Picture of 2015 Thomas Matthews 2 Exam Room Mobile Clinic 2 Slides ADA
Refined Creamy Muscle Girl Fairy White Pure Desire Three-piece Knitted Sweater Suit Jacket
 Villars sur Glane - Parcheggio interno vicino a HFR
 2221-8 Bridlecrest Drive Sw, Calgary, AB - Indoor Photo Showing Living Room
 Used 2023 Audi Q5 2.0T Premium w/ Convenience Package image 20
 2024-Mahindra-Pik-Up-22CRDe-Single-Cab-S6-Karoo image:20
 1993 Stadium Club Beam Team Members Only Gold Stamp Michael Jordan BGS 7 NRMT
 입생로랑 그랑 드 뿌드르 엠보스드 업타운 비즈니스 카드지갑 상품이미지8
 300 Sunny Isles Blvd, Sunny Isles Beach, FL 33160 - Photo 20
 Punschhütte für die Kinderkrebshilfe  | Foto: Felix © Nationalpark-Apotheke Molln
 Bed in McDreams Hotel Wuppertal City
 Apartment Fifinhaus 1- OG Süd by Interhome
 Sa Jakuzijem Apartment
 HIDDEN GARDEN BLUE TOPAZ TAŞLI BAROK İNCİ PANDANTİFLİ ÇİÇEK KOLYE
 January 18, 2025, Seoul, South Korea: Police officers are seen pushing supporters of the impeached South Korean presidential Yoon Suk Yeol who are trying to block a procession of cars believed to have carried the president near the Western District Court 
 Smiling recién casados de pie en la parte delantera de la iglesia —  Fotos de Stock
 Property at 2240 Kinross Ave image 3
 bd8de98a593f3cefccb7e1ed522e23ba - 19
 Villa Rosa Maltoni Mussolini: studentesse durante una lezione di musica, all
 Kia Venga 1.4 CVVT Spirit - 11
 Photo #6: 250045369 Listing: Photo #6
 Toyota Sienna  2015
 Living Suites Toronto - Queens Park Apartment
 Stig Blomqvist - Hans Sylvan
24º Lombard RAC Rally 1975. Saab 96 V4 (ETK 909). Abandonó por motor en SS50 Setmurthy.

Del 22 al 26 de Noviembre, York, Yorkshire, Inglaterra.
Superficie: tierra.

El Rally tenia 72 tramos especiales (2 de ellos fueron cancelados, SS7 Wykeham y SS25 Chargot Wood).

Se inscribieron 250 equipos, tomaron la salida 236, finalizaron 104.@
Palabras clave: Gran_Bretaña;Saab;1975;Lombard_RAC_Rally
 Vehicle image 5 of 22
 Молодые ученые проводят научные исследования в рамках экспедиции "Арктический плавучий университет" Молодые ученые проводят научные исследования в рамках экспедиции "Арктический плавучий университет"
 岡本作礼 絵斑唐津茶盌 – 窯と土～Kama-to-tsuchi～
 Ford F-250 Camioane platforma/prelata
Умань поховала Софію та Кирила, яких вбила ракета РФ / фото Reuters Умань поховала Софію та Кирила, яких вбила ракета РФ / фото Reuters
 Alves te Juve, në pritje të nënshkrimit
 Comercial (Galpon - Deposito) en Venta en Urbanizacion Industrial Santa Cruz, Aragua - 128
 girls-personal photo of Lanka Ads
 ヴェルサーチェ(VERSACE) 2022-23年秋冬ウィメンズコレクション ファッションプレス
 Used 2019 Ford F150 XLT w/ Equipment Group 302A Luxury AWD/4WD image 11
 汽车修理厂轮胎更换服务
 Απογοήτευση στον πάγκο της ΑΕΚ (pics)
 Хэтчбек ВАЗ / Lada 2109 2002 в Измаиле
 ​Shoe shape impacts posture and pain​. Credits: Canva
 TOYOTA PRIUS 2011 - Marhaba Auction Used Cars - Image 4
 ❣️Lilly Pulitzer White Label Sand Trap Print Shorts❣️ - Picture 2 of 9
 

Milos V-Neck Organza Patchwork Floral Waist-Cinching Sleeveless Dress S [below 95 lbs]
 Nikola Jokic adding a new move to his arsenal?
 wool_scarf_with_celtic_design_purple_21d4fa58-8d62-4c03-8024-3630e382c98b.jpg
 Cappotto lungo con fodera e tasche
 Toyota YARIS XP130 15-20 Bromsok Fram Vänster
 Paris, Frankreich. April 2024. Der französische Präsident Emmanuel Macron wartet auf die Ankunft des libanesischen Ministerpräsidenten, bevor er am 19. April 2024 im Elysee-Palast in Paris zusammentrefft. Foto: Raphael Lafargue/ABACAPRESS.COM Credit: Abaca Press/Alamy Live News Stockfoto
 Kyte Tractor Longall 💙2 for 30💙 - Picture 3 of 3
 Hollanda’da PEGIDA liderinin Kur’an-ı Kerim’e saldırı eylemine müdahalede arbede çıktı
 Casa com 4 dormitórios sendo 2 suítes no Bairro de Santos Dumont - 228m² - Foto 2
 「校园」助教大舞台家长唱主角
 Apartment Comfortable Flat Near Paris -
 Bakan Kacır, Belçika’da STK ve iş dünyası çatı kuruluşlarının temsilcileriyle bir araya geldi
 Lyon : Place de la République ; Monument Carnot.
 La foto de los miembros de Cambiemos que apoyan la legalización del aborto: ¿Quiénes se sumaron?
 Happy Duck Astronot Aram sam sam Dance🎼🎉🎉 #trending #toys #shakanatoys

· · ·

WHAT YOU HAVE TO DO: Find all the lines containing "Saab" in the material, then copy them.

REPLY:
24º Lombard RAC Rally 1975. Saab 96 V4 (ETK 909). Abandonó por motor en SS50 Setmurthy.
Palabras clave: Gran_Bretaña;Saab;1975;Lombard_RAC_Rally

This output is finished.